Alejandra Caraballo of the Berkman Klein Center for Internet & Society has described it as "an attempt at the dehumanization and delegitimization of queer people's identities by associating them with pedophilia", adding that "when you start labeling groups with that, the calls for violence are inevitable." Jenifer McGuire, a professor in the department of family social science at the University of Minnesota, said that the grooming conspiracy theory comes "from an underlying desire to separate people who are different and to characterize them as less than or as evil. So it's a new form of homophobia and transphobia — or it's maybe the same old form but with new language."

The Canadian Anti-Hate Network has stated that trans people are "slandered the same way homosexual men were slandered in the 70s, and for the same reason: to deny them safety and equal rights", adding that "the far-right and their fellow travellers in the so-called Gender Critical or Trans-Exclusionary Radical Feminist movements use the exact same tropes in a bid to deny equal rights to trans persons." Florence Ashley, a professor at the University of Toronto, has stated that the conspiracy theory's focus on LGBT people in general and its focus on trans people in particular is being used to radicalize public opinion towards the far-right, comparing it to the great replacement conspiracy theory.

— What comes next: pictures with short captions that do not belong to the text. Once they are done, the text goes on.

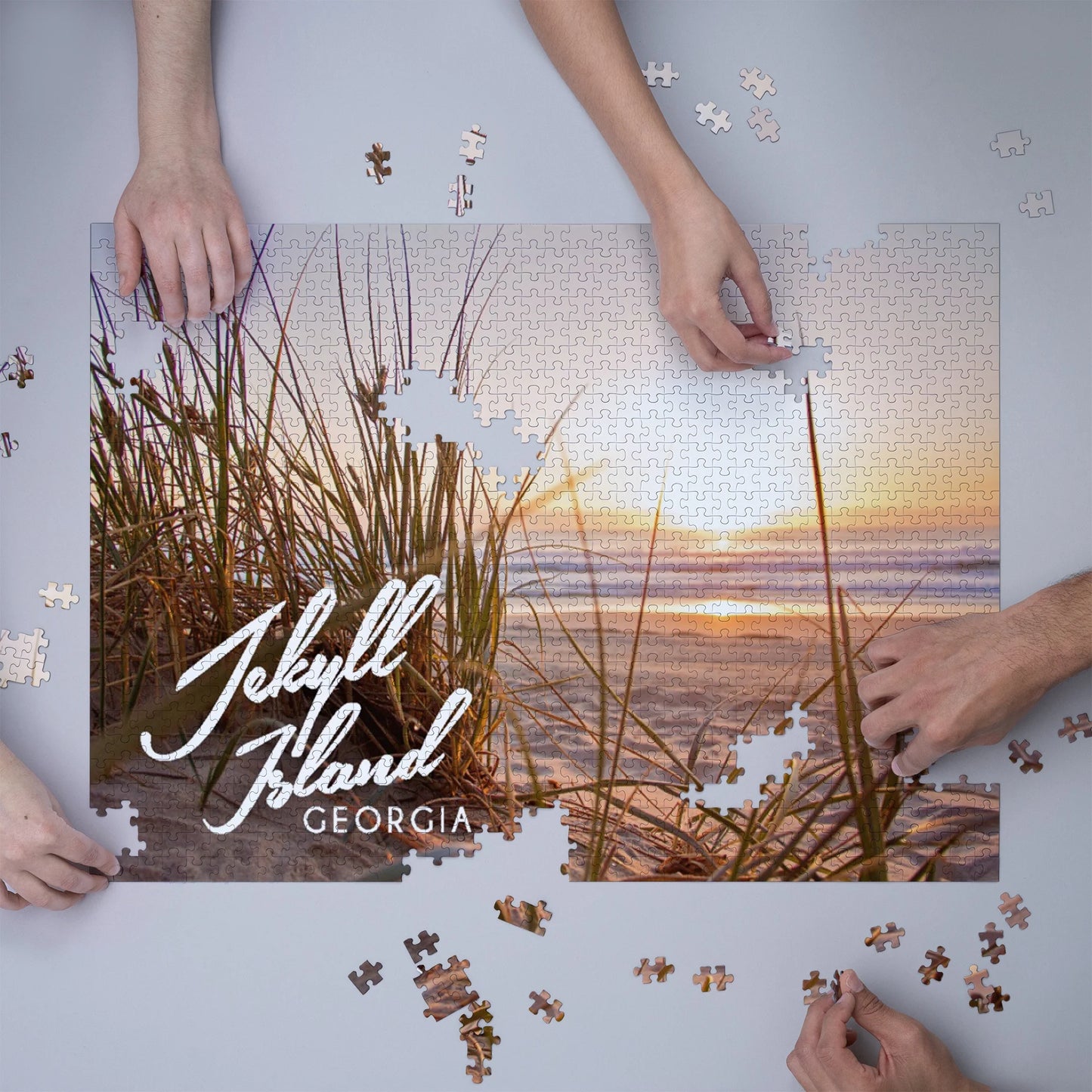 Piece (1000 Challenging in Size Beach Adults Sunset Jigsaw and Made for USA) Puzzle, Georgia, 19x27, Family, Puzzle Island, Jekyll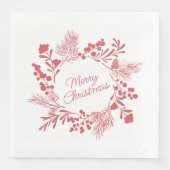 White Christmas Wreath Napkin – Holiday Table Deco (正面)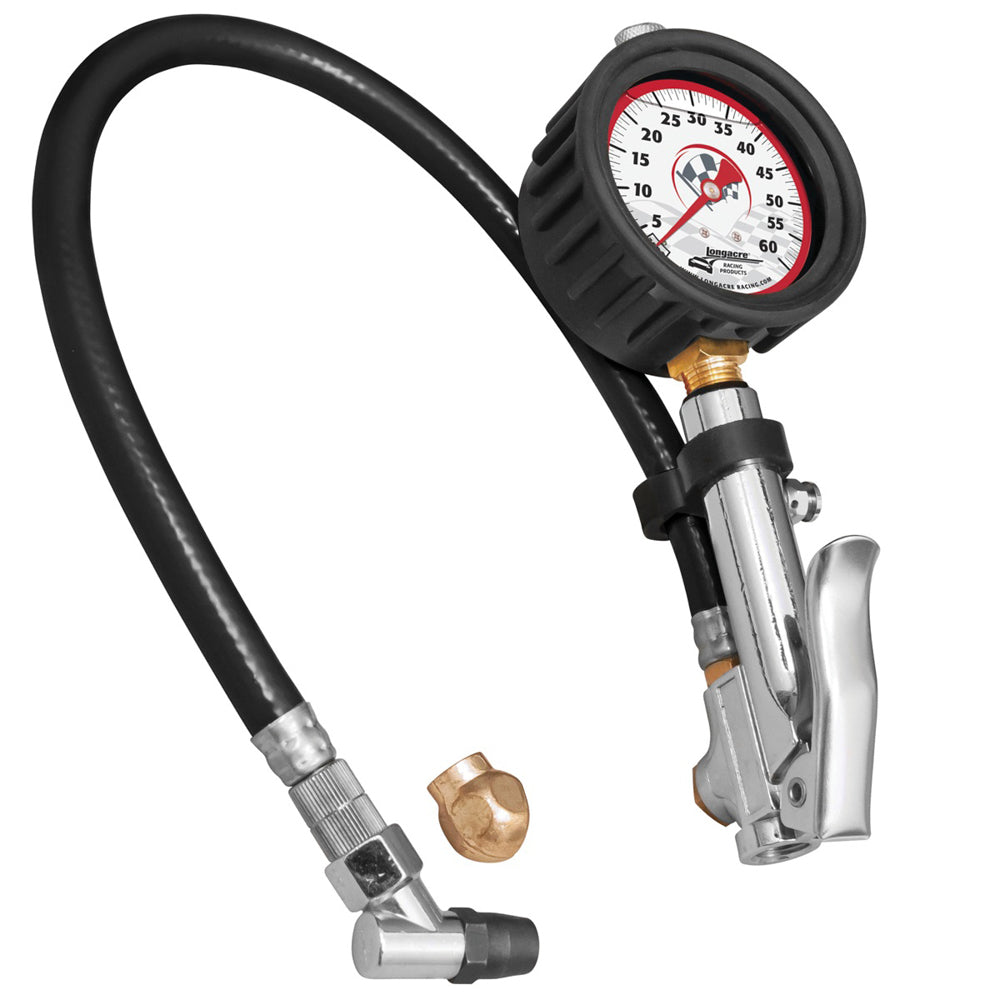 LONGACRE Tire Gauge Quick Fill 0-60psi 2-1/2in Glow (LON52-52008)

The Associated Press described the conspiracy theory as "another volley in the [United States'] ongoing culture wars, during which conservative lawmakers have also opposed the teaching of 'critical race theory' and proposed bills requiring schools to post all course materials online so parents can review them." In 2022, its stylebook stated: "Some people use the word groom or variants of it to falsely liken LGBTQ people's interactions with children, or education about LGBTQ issues, to the actions of child molesters. Do not quote people using the term in this context without clearly stating it is untrue."

Charles T. Moran, President of the Log Cabin Republicans, called the conspiracy theory a "subtle subterfuge that gays are pedophiles", adding that "I will take flak from people that this is reinforcing a trope that is not beneficial for anybody who's gay in public life. Pedophiles exist at a much higher proportion in the straight community than the gay community, but it is always a shtick our critics will go back to."

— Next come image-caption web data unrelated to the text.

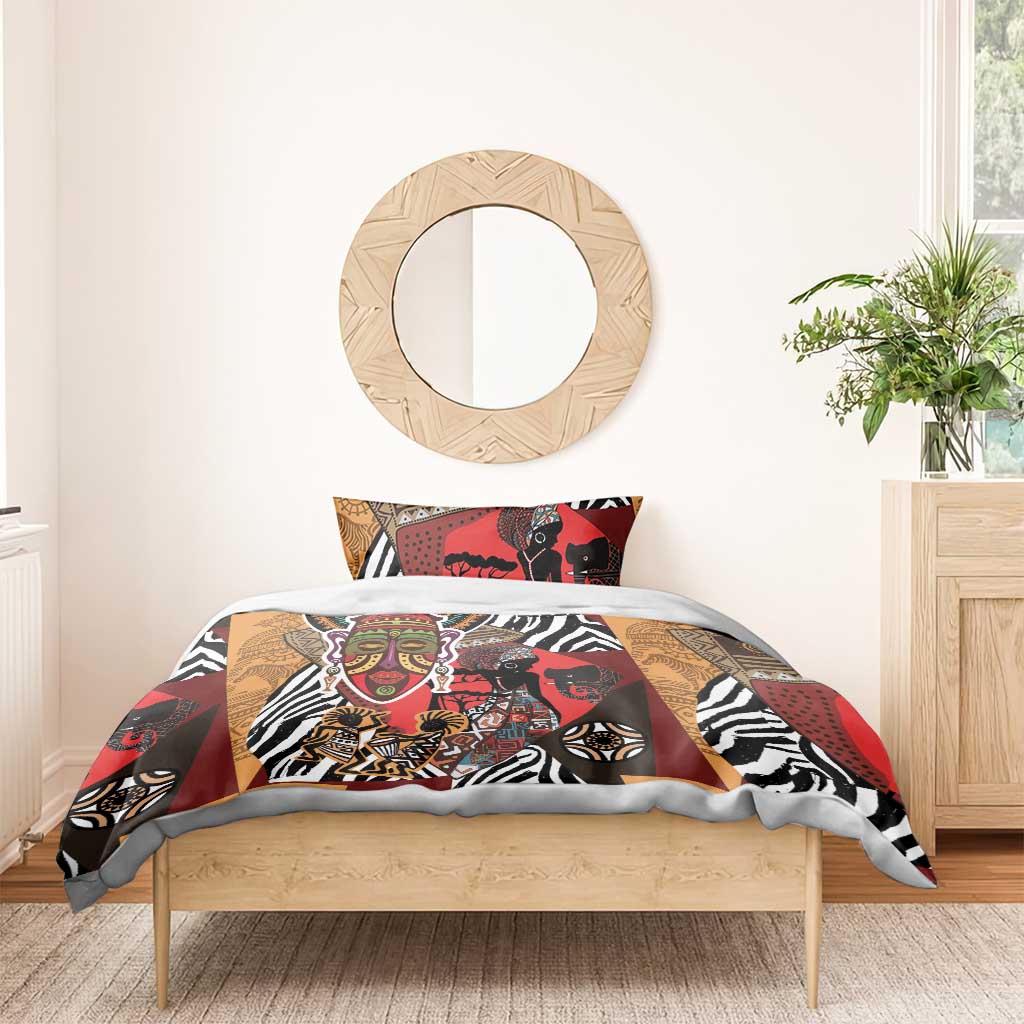 Ethnic patterned bedding set with red and tan African face motif and zebra stripes on duvet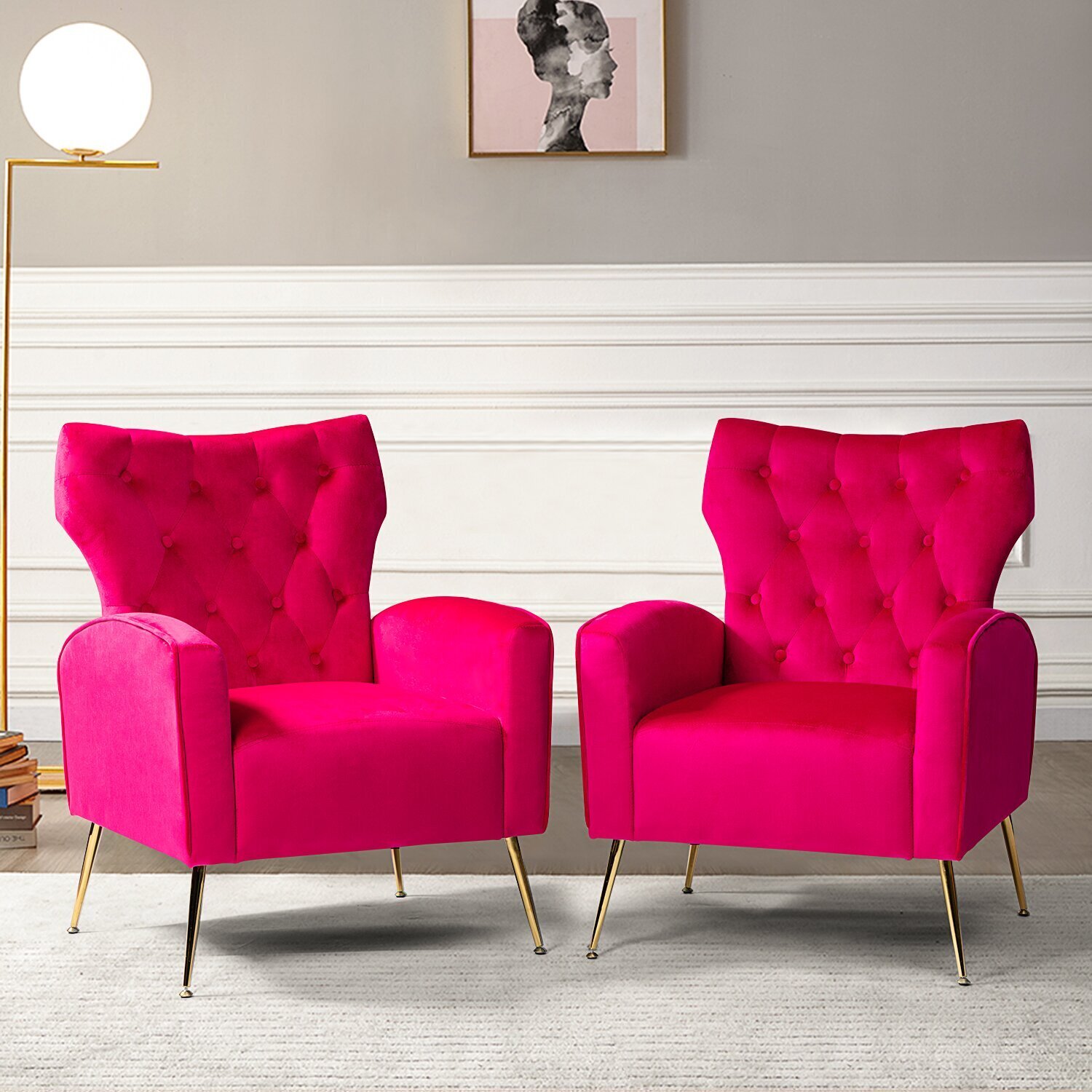Set of Two Bright Pink Chairs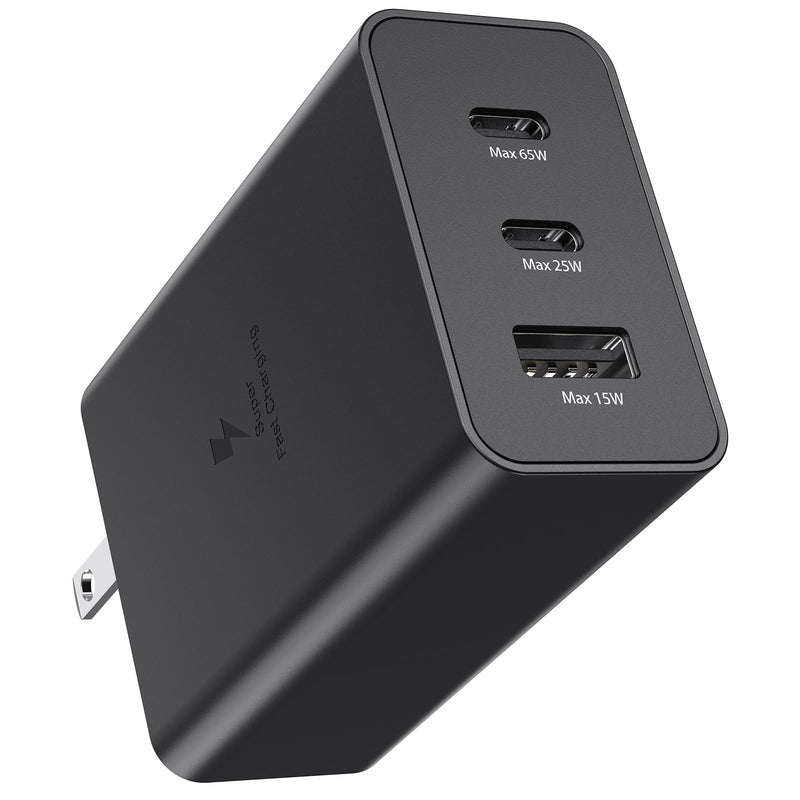 [Australia - AusPower] - Samsung 65W 3-Port Super Fast Charging Wall Charger, GaN Trio Adapter for Samsung Galaxy S23 Ultra/S23/S23+/S22/S22 Ultra/S22+/S21 Ultra/S20 Ultra/Note 20/Note 10/Z Fold 3/ Earbuds/laptops 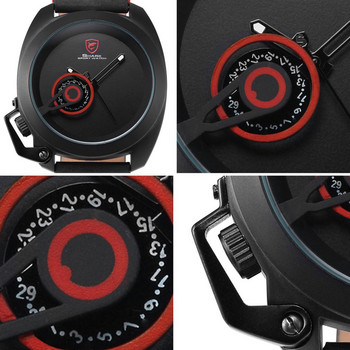 SH446 Tawny SHARK Αθλητικό ρολόι Red Date Crown Guard Σχέδιο Ανδρικά πολυτελή ρολόγια χειρός από γνήσιο δέρμα Ανδρικά ρολόγια Quartz Relogio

A school librarian in Louisiana has filed a lawsuit alleging defamation by Facebook pages that falsely accused her of pedophilia. She also received online harassment and a death threat.

In 2023, the Ontario Superior Court of Justice ruled that the word “groomer” is a slur when used to attack LGBT people and drag performers, and is therefore not protected speech under anti-SLAPP laws.

On 25 April 2024, British actor Laurence Fox was ordered to pay £180,000 in damages for libelling former Stonewall trustee Simon Blake and former RuPaul's Drag Race contestant Crystal as "paedophiles" on X. The judge accepted evidence that his comments were "distinctively homophobic" and said they were "gross, groundless and indefensible".

Public opinion

In a 1970 poll, 70% of Americans surveyed believed that homosexuals posed a risk to children because of molestation. By 1999, the belief that homosexuals were most likely to abuse children was only endorsed by a minority. An April 2022 survey by the left-wing think tank Data for Progress discovered that 45% of likely Republican voters believe that "teachers and parents that support discussions about sexual orientation and gender identity in school are groomers". American Jewish community related publication The Forward criticized the implications of this finding, noting the interconnected histories between hatred against Jews and against LGBT people, due to both groups being accused of corrupting children. In contrast, 15% of likely Democratic Party voters think the same about the aforementioned assertion, which means that in overall terms approximately 29% of likely voters support the conspiracy theory.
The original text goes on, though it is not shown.